What Child the Hell is This?

Halford III: Winter SongsOK. My indiscriminate buying habits have finally done me in. I was enjoying Halford's Made of Metal this week and that, of course, had me digging Resurrection and Crucible again. I was really surprised to see an entry I hadn't heard of, Halford 3: Winter Songs, on the shelf at Half Price Books today and snatched it up without even turning it over. I jumped in the car and popped it into the stereo.

The opener, "Get Into the Spirit," was alright. Pretty typical Halford fare, meaning great tempo, shredding guitars, lots of piercing screams, and the worst lyrical content imaginable: Here comes the dream that's been waiting / the triumph we seek is so close that it's so near / I love the chance that we've been taking / the moment for us is right here // Get into the spirit / reach up to the sky and so on.


Rebecca Black may have a future covering Halford tunes. That said, it's about what I expected. So I anticipated the first real rocker of the album would follow real soon and instead got this:
  

How the hell did a person who owns every Judas Priest record, including all the live ones - even the two live ones with Ripper Owens - miss the news that Rob Halford recorded a Christmas album? And how did I go a year and a half without finding it?  And why, of all times of year, did I have to add it to my collection in July? Yes, it has "Winter" in the title and, yes, he's standing in the snow but, really, isn't at least one of these true for 83% of metal albums out there?

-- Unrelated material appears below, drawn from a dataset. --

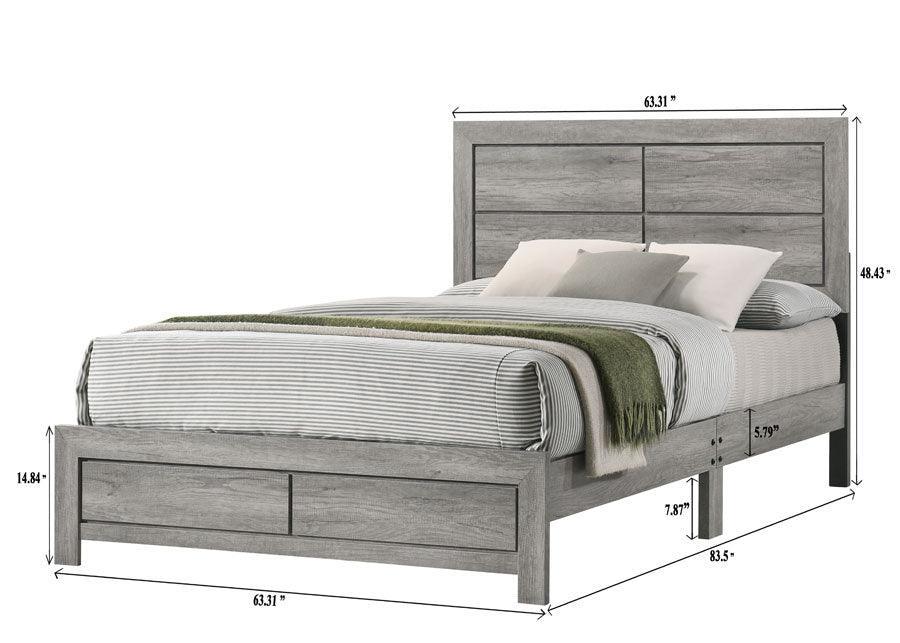 Hopkins Driftwood Contemporary And Modern Wood Full Platform Bed - Ella Furniture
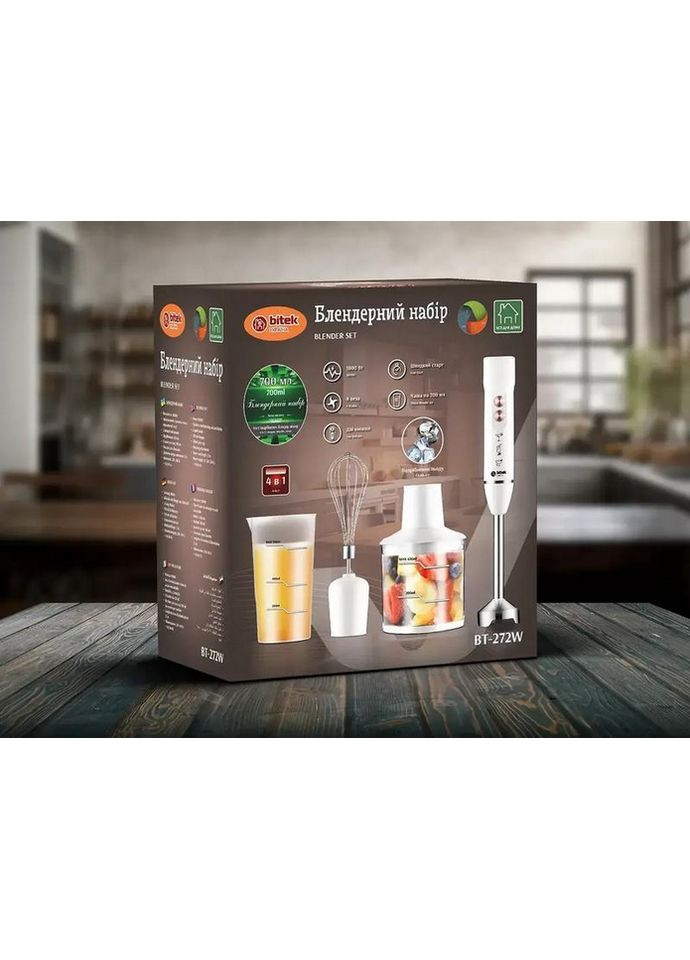 Блендерний набір 4 в 1 1800 Вт BITEK BT-272W No Brand (373282284)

To be perfectly honest, I would have bought Winter Songs at any time if I had known it existed. Even today, if I had turned it over and read the song titles I would have gone ahead and purchased but sure as hell would have shelved it until much later in the year and, even then, probably would have just approached it as a novelty item.

I cannot review this now. How could anyone? Can any Christmas album not recorded by Frank Sinatra be good? (Yes, actually. See: Dread Zeppelin's Presents). And, as most of them are so bad they complete the circle back to goodness by default, can any Christmas album really be bad? (Yes, actually. Again, see: Dread Zeppelin's Presents). When a "serious" rock band does a Christmas record it really demands to be set aside from the discography. But when Halford numbers the damn thing it demands to sit right between Crucible and Made of Metal forever.

Luckily, the same trip also paid off with Amorphis' The Karelian Isthmus and Deep Purple's Come Taste the Band. Opposite ends of the spectrum, to be sure, but that juxtaposition is less jarring to me than the Metal God and Father Christmas. At least until the snow falls.